From the first line to the last, give the material again exactly, without the images.

[Data segment]

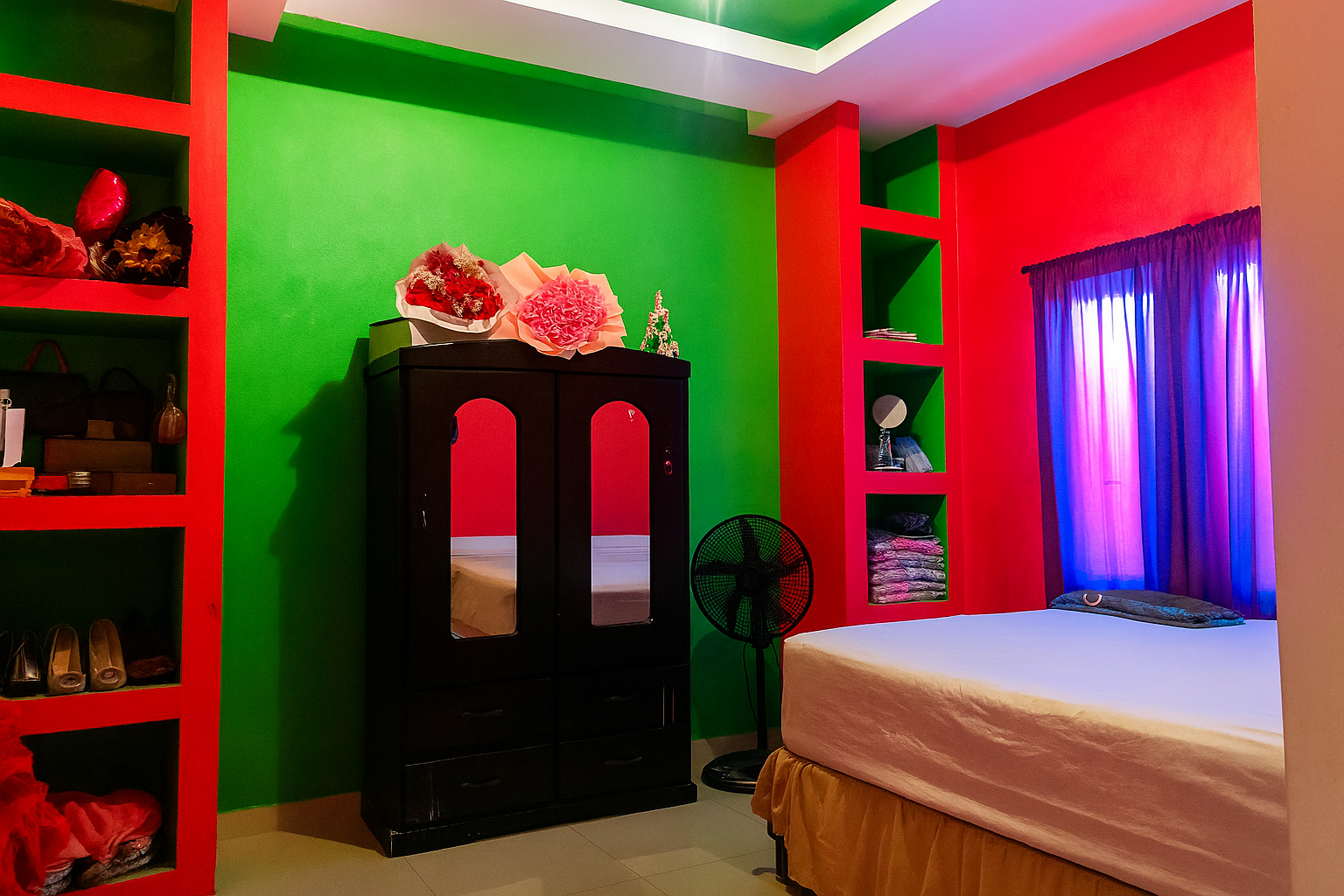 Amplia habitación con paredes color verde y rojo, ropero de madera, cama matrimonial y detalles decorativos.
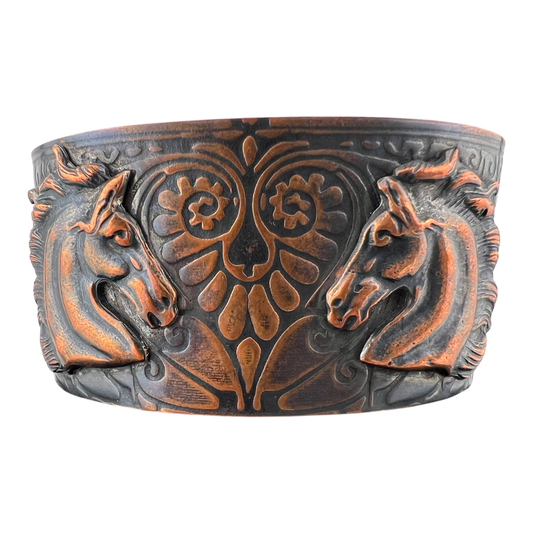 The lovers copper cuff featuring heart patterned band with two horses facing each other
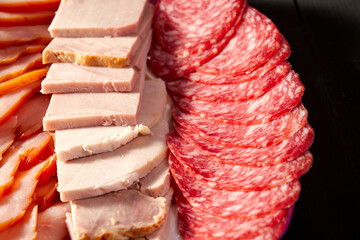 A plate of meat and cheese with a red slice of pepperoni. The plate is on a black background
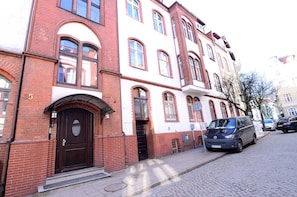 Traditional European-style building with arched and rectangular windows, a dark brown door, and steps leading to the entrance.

[/Data segment]

Solution below>
 Amplia habitación con paredes color verde y rojo, ropero de madera, cama matrimonial y detalles decorativos.
 The lovers copper cuff featuring heart patterned band with two horses facing each other
 A plate of meat and cheese with a red slice of pepperoni. The plate is on a black background
 Traditional European-style building with arched and rectangular windows, a dark brown door, and steps leading to the entrance.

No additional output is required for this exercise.